### Information provided
--------------------------------------------------
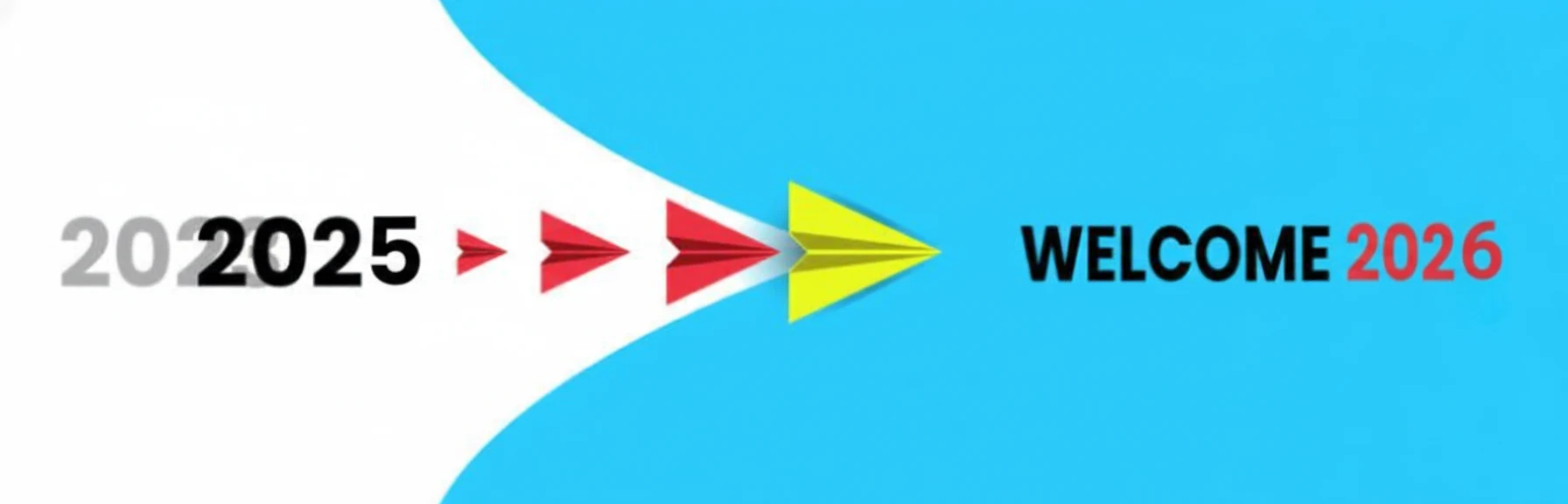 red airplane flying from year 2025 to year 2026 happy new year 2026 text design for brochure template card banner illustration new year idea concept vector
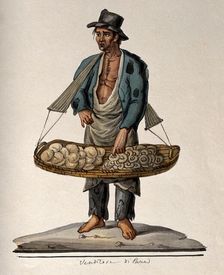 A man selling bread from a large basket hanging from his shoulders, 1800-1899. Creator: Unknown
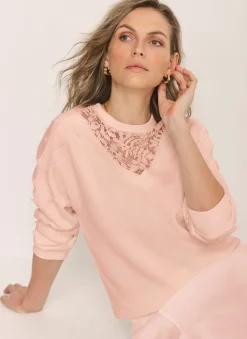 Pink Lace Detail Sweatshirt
--------------------------------------------------
### What you are asked to do
In your reply, every line of the material should appear exactly as written, and no picture should.

### Answer box
 red airplane flying from year 2025 to year 2026 happy new year 2026 text design for brochure template card banner illustration new year idea concept vector
 A man selling bread from a large basket hanging from his shoulders, 1800-1899. Creator: Unknown
 Pink Lace Detail Sweatshirt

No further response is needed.